Umberto Eco’s Travels in Hyperreality complete the Polish-Austrian-Italian trio, leading Czarniawska and Kunda to the conclusion that:

  • […] there are no cultures, there are only labels that we coin for pragmatic uses and in which we, and others, invest our real and symbolic resources.

A strong statement, and one well worth discussing. Let us.

Slawomir MagalaRotterdam, December 2009

Notes

Not quite. We had traded books – she’s got my Management of Meaning in Organizations, while I walked away with her Bourgeois Values (hers was a thicker volume, but mine was a more expensive book, so fair trade label is probably sustainable). However, no paper. Tough.

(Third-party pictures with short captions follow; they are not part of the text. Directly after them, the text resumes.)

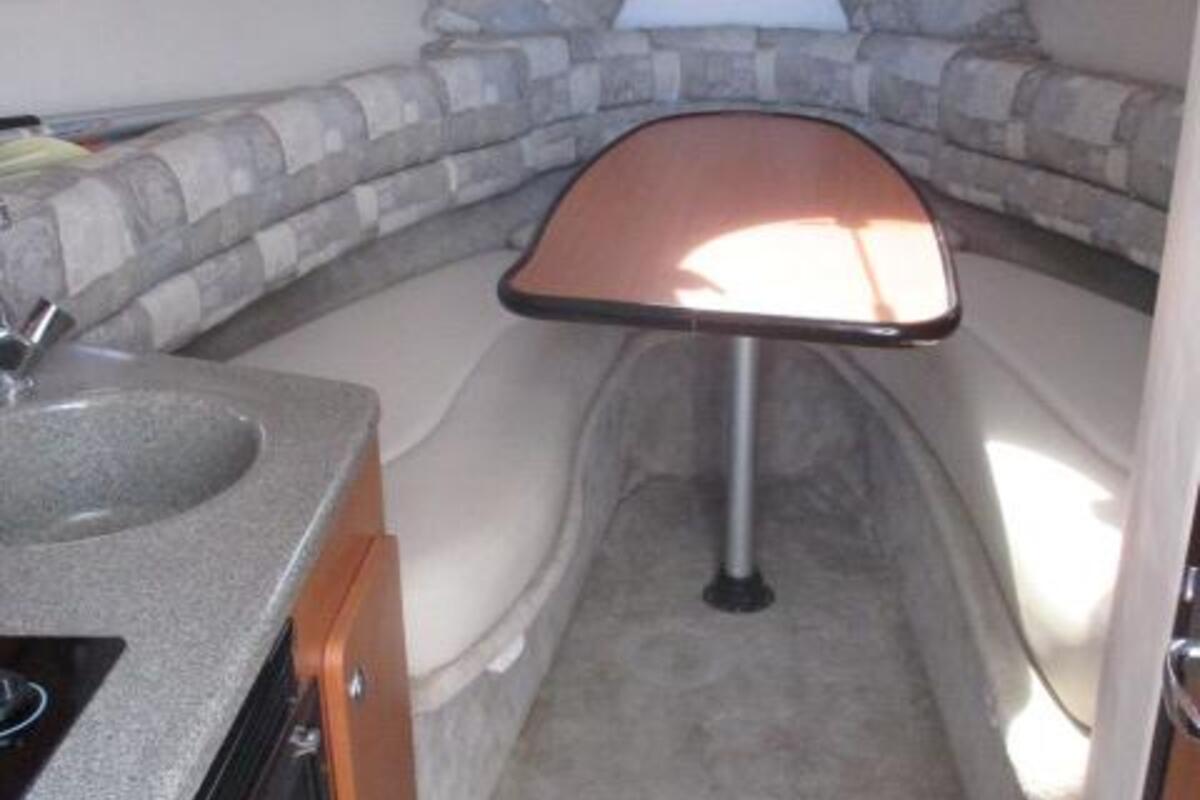 2004 Crownline 270 CR, 3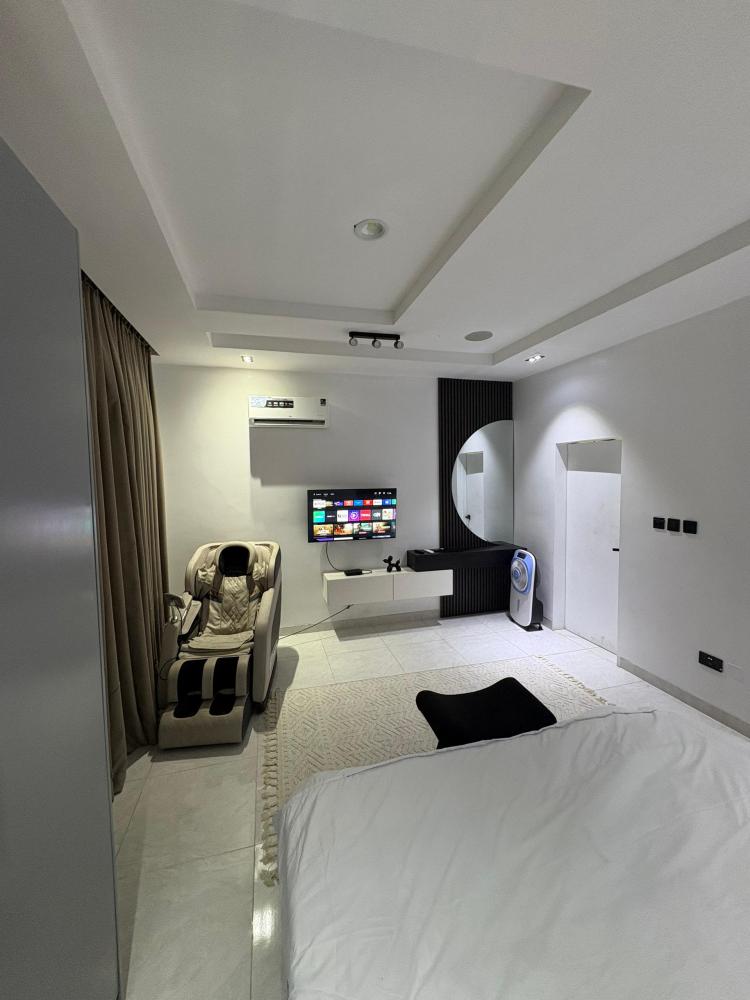 One bedroom  With PS5 and massage chair Ikoyi  Available for bookings today
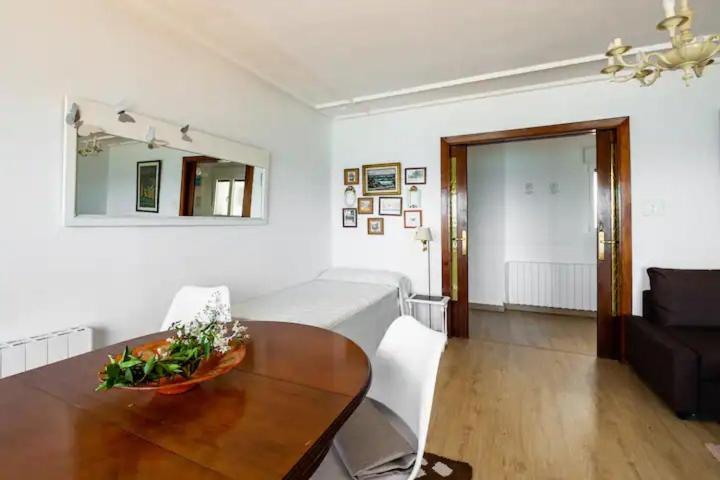 Apartamento Ezcurdia 22 Playa De San Lorenzo Primera Linea Gijon Luaran gambar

Incidentally, I owe my early contact with Musil’s wonderful four volumes about the Austro-Hungarian Kakania to the Cold War. All students of state socialist countries were supposed to spend half a day a week in a rather boring civilian defense class, where retired army officers told us what to do if a nuclear bomb explodes nearby. I managed to get through Musil, Proust, Tolstoy, Thomas Mann and the autobiography of Bertrand Russel until we went to the shooting alley to practice shooting skills. Perhaps, we should reintroduce boring civilian defense to the contemporary curriculum? After all, David Foster Wallace suggested boredom as the ultimate remedy against addiction to ads and substances (in The Pale King about IRS office, which – as of the present writing – still has to be published).